Genomic CNV frequencies comparing cancer-type specific profiles to those from selected cell lines for copy number gains (up) and losses (down; 100%—CNV observed in all samples). While (A) and (C) display the summary data from 43 amelanotic melanomas (NCIT:C3802) and 10 254 ductal breast carcinomas, respectively, panel (B) and (D) show summary profiles of cell lines MDA-MB-435 (from 21 instances) and MCF-7 (57 analyses). Although both cell lines were originally classified as ‘breast carcinoma’, the CNV pattern of MDA-MB-435 shows an intriguing similarity to aberrations common in amelanotic melanomas (e.g. +2, +3q, +5, +6p/−6q...). As of note, while the CNV frequency plots are influenced by the expected genomic heterogeneity of tumor samples, the ‘in principle’ expected genomic homogeneity of cell lines (i.e. either 100% or 0%) can be perturbed by genomic instability and leading to inter-sample variations as well as experimental conditions.

SNVs of cancer cell lines

To curate the SNVs in cancer cell lines and their effect on health, we mapped known cell line SNVs to ClinVar variants and pulled cancer cell lines from the CCLE mutations dataset. Table 2 shows the number of resulting variants from ClinVar and CCLE resources. Since ClinVar is a resource for variants related to human health, the number of distinct variants is lower than in CCLE that includes all variants from a set of cell lines.
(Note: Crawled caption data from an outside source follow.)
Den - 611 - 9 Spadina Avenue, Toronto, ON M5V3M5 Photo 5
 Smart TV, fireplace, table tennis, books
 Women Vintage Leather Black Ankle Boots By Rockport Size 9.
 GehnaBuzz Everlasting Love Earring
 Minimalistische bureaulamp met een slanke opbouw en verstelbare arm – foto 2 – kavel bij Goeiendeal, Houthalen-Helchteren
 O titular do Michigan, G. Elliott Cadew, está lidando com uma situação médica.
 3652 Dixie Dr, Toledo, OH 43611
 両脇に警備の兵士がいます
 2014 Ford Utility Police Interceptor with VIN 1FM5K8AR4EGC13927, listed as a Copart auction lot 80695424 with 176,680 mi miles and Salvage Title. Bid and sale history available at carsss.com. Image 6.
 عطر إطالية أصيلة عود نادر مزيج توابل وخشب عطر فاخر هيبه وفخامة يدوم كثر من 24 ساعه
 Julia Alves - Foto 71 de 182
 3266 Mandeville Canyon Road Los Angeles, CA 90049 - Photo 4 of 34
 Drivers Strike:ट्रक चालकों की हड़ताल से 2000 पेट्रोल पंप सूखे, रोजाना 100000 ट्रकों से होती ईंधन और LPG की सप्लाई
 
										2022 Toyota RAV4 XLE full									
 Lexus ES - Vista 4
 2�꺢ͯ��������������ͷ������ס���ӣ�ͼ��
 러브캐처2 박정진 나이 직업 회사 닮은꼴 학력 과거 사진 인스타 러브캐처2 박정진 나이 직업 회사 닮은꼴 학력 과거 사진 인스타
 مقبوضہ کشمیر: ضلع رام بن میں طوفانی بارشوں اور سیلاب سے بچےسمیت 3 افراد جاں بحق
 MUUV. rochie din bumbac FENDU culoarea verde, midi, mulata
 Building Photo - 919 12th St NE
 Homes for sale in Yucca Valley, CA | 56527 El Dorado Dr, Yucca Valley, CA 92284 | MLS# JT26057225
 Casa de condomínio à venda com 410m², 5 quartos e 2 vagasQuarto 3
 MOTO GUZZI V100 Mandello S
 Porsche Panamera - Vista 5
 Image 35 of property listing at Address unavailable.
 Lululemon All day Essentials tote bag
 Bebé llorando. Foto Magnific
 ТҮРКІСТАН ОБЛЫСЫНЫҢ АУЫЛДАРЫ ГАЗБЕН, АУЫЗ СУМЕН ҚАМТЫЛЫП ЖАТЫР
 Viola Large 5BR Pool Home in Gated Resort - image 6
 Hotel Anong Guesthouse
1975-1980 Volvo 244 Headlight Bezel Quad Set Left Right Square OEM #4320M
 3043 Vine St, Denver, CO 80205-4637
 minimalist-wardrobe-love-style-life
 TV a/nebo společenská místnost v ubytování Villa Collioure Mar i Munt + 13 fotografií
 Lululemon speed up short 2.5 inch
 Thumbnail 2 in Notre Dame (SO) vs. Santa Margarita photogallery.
While CCLE only includes around 1000 well-characterized cancer cell lines, known human health-related variants have been found in over 15 000 cancer cell line entities. The most commonly mutated gene in CCLE dataset is TTN, a gene responsible for producing titin protein that is the largest human protein and is a structural sarcomeric protein. TTN mutations have been detected in many cancer types and have been shown to affect tumor mutational burden (22–24). The most common gene in ClinVar dataset is TP53, a tumor suppressor gene that is one of the most frequently mutated genes in cancer (25).

Table 2.

SNV statistics

	ClinVar	CCLE mutations
Unique variants	1246	23 ,947
Total number of variants	30 960	1 013 244
Number of cell lines	15 750	1292
Most frequent gene	TP53	TTN
Number of genes	144	18 739

	ClinVar	CCLE mutations
Unique variants	1246	23 ,947
Total number of variants	30 960	1 013 244
Number of cell lines	15 750	1292
Most frequent gene	TP53	TTN
Number of genes	144	18 739

Table 2.

SNV statistics

	ClinVar	CCLE mutations
Unique variants	1246	23 ,947
Total number of variants	30 960	1 013 244
Number of cell lines	15 750	1292
Most frequent gene	TP53	TTN
Number of genes	144	18 739

	ClinVar	CCLE mutations
Unique variants	1246	23 ,947
Total number of variants	30 960	1 013 244
Number of cell lines	15 750	1292
Most frequent gene	TP53	TTN
Number of genes	144	18 739

Use cases

CNV profiles

Our resource enables finding CNV profiles for cancer cell lines of interest, including the option to automatically include instances of derived cell lines. The query can be performed under ‘Search Cell Lines’ section and subsequently using cell line name or Cellosaurus ID to search. For example, HeLa could be queried by typing ‘HeLa’ or ‘CVCL_0030’ into the ID field. Search query can also be executed by the diagnostic code of the cell line (NCIT) in the ‘Cancer Classification(s)’ field. By default, all child terms found for the cell line (or diagnostic code) will be included. This can be changed under ‘Include Child Terms’ field. The resulting landing page will show resulting CNV frequency plot with options to list existing biosamples, to see where these samples were from geographically and also to list the known annotated variants for these cell lines. Additional visualization options can be found under ‘Visualization options’. In addition to CNV frequency plots, this enables clustered view of the samples.

SNV data

To access our SNV data, cell line on interest can be queried in ‘Search Cell Lines’ like for CNV samples but additional field needs to be entered under Query by Position, Variant Type: SO:0001059 (any sequence alteration—SNV, insertion-deletion). The resulting matched SNVs can be found under ‘Variants’ section (Figure 4A). There, variants are listed and can be sorted by the field of interest. ‘Digest’ shows the genomic location and the affected nucleotides of the variant, and ‘Gene’ represents the affected gene. Pathogenicity refers to known clinical impact of the variant from ClinVar annotations. Variant effect shows the effect of the mutation, according to sequence ontology.

Figure 4.

10.1158/0008-5472.CAN-04-0328

Lung adenocarcinoma cell line PC-9 SNVs. (A) Table of resulting variants for PC-9. ‘Digest’ shows the genomic location and the affected nucleotides of the variant, ‘Gene’—the affected gene, ‘Pathogenicity’—reported effect of the variant on human health, ‘Variant Effect’—effect of the variant on the gene product. (B) Example of a ClinVar variant. (C) Example of a CCLE mutation.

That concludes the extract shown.